DENVER — Mesa County’s deputy county clerk will testify against her boss Tina Peters, who is accused of tampering with election equipment and misconduct, under a plea deal approved Thursday by a district court judge.
In all, Peters, a Republican, faces 10 criminal charges. She is accused of three counts of attempting to influence a public servant, criminal impersonation, two counts of conspiracy to commit criminal impersonation and identity theft, all of which are felonies. She is also accused of first-degree official misconduct, violation of duty and failing to comply with the secretary of state, all misdemeanors.
Deputy Mesa County Clerk Belinda Knisley agreed to testify against Peters in exchange for staying out of jail or prison. She pleaded guilty to trespassing, official misconduct and violation of duty charges, all misdemeanors, for which she will spend two years on unsupervised probation.
District Court Judge Matthew Barrett accepted the deal early Thursday afternoon, though with some hesitancy about the lack of jail time for Knisley.
“My hands will not be so tied if you find yourself before me again,” Barrett said.
In interviews last spring, Knisley told investigators that “she was aware of and participating in a scheme with Tina Peters and other identified people, to deceive public servants from both the Colorado Secretary of State’s Office and Mesa County,” the plea deal reads.
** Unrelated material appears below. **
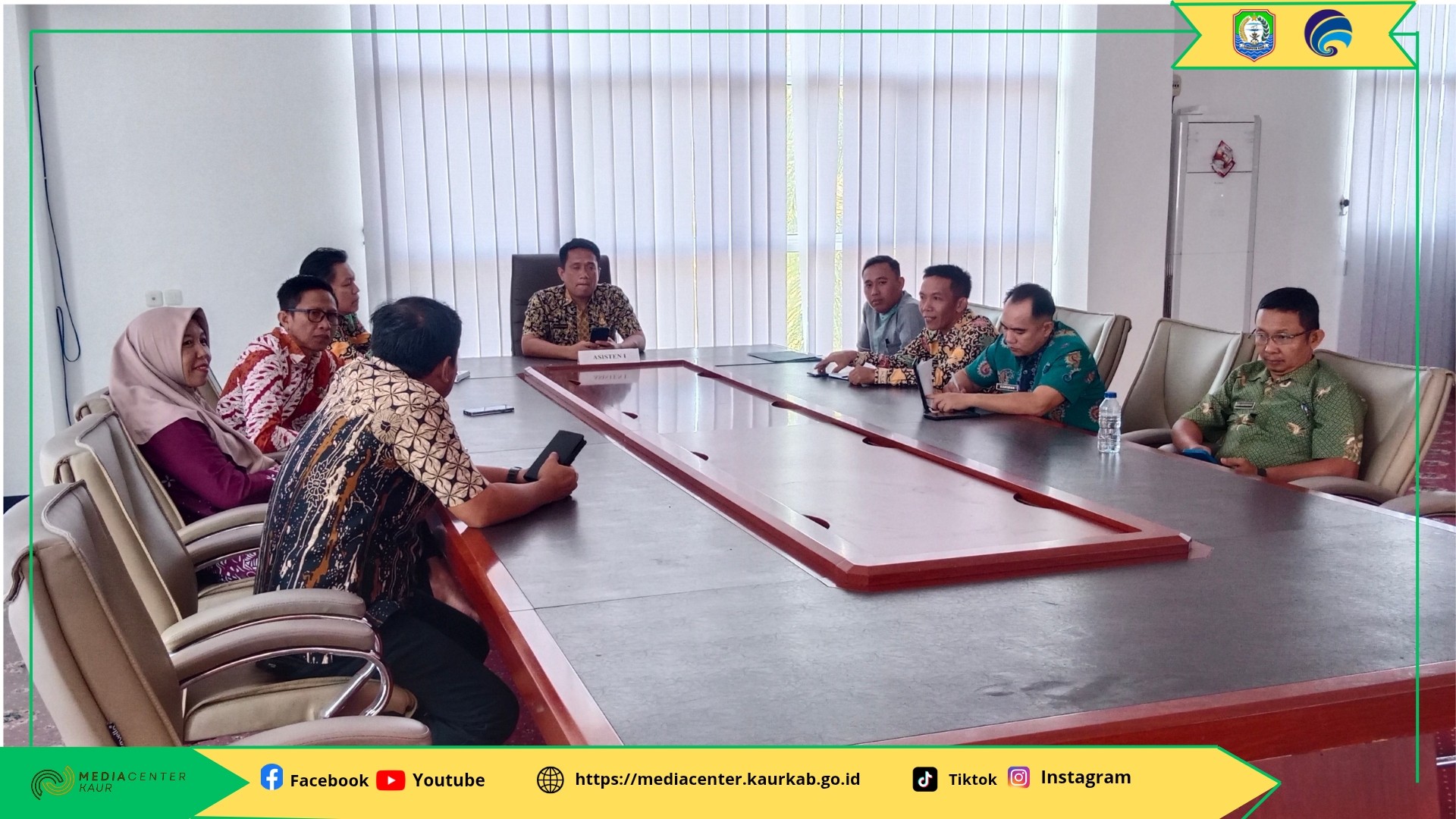 Pemda Kaur ikuti Koordinasi Pemutakhiran Dokumen RC SR secara virtual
Peters “significantly directed” the scheme, which allowed an unauthorized man into secure areas inside the clerk and recorder’s office, according to the plea deal, first reported by the Grand Junction Daily Sentinel.
Additional details about Knisley’s plea deal were not immediately available.
Peters is still the Mesa County clerk and recorder, though she is prohibited from contacting employees in her office. She turned herself in to law enforcement in late July after narrowly avoiding arrest a week earlier — both times for reportedly disobeying court orders — and she’s currently out on bail.
Peters also sought the Republican nomination for Colorado secretary of state this summer, coming in a distant second place in the primary election. She forced a recount, with the help of a national fundraising effort, which confirmed the earlier results.